EXERCISE DIRECTIONS:
Beginning at the line that contains "Материал первой стенки" and ending at the last line of the entries, write out each line exactly; include nothing outside that span.

WORKING DATA:
——————
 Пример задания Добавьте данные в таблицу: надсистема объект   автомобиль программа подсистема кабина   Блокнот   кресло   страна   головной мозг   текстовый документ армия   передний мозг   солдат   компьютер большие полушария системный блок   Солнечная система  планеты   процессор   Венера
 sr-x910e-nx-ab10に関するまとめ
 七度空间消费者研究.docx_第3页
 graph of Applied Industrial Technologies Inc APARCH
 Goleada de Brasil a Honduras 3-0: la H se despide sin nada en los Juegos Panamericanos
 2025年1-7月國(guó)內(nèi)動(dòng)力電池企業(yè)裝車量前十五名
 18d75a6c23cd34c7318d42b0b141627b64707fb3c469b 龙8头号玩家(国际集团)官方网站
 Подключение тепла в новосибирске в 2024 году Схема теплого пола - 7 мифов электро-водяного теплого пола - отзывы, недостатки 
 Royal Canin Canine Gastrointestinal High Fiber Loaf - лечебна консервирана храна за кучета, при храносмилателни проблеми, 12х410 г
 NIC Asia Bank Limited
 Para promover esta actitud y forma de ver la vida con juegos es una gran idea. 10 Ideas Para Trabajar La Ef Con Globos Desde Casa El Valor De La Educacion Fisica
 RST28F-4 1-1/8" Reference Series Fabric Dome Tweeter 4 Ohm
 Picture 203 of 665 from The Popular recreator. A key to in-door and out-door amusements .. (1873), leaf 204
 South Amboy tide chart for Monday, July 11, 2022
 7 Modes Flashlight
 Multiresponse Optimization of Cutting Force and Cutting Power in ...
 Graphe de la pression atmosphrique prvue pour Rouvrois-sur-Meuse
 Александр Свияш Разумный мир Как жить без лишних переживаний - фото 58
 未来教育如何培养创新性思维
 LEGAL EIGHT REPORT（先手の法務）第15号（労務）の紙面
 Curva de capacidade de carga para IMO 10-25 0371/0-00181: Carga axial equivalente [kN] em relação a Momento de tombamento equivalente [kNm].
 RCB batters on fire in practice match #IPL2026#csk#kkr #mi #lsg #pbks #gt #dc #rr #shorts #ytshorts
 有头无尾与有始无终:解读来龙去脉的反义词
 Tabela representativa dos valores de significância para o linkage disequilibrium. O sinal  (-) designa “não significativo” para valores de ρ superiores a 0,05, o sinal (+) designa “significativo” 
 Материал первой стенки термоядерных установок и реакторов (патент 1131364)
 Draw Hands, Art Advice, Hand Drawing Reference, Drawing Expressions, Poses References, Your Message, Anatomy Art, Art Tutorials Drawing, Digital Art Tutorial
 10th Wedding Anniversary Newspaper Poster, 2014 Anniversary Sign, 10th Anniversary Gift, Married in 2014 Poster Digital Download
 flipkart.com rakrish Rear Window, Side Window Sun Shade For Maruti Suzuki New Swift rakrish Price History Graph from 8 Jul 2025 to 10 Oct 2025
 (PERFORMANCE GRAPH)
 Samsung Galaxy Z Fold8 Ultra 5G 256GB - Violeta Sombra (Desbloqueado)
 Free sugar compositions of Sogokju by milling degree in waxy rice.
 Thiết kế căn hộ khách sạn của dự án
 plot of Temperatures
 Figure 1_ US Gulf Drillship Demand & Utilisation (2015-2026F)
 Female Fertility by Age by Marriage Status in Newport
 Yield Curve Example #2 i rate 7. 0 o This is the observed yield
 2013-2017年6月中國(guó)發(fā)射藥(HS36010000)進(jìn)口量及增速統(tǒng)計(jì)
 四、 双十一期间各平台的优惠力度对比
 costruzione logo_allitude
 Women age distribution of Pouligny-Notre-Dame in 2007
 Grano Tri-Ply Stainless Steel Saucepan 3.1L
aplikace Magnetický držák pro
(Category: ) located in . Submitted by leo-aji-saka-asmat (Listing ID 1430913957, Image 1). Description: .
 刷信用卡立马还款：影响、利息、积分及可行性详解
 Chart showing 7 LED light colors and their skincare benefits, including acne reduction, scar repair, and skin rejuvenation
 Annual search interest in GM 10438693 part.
——————
ANSWER AREA:
 Материал первой стенки термоядерных установок и реакторов (патент 1131364)
 Draw Hands, Art Advice, Hand Drawing Reference, Drawing Expressions, Poses References, Your Message, Anatomy Art, Art Tutorials Drawing, Digital Art Tutorial
 10th Wedding Anniversary Newspaper Poster, 2014 Anniversary Sign, 10th Anniversary Gift, Married in 2014 Poster Digital Download
 flipkart.com rakrish Rear Window, Side Window Sun Shade For Maruti Suzuki New Swift rakrish Price History Graph from 8 Jul 2025 to 10 Oct 2025
 (PERFORMANCE GRAPH)
 Samsung Galaxy Z Fold8 Ultra 5G 256GB - Violeta Sombra (Desbloqueado)
 Free sugar compositions of Sogokju by milling degree in waxy rice.
 Thiết kế căn hộ khách sạn của dự án
 plot of Temperatures
 Figure 1_ US Gulf Drillship Demand & Utilisation (2015-2026F)
 Female Fertility by Age by Marriage Status in Newport
 Yield Curve Example #2 i rate 7. 0 o This is the observed yield
 2013-2017年6月中國(guó)發(fā)射藥(HS36010000)進(jìn)口量及增速統(tǒng)計(jì)
 四、 双十一期间各平台的优惠力度对比
 costruzione logo_allitude
 Women age distribution of Pouligny-Notre-Dame in 2007
 Grano Tri-Ply Stainless Steel Saucepan 3.1L
aplikace Magnetický držák pro
(Category: ) located in . Submitted by leo-aji-saka-asmat (Listing ID 1430913957, Image 1). Description: .
 刷信用卡立马还款：影响、利息、积分及可行性详解
 Chart showing 7 LED light colors and their skincare benefits, including acne reduction, scar repair, and skin rejuvenation
 Annual search interest in GM 10438693 part.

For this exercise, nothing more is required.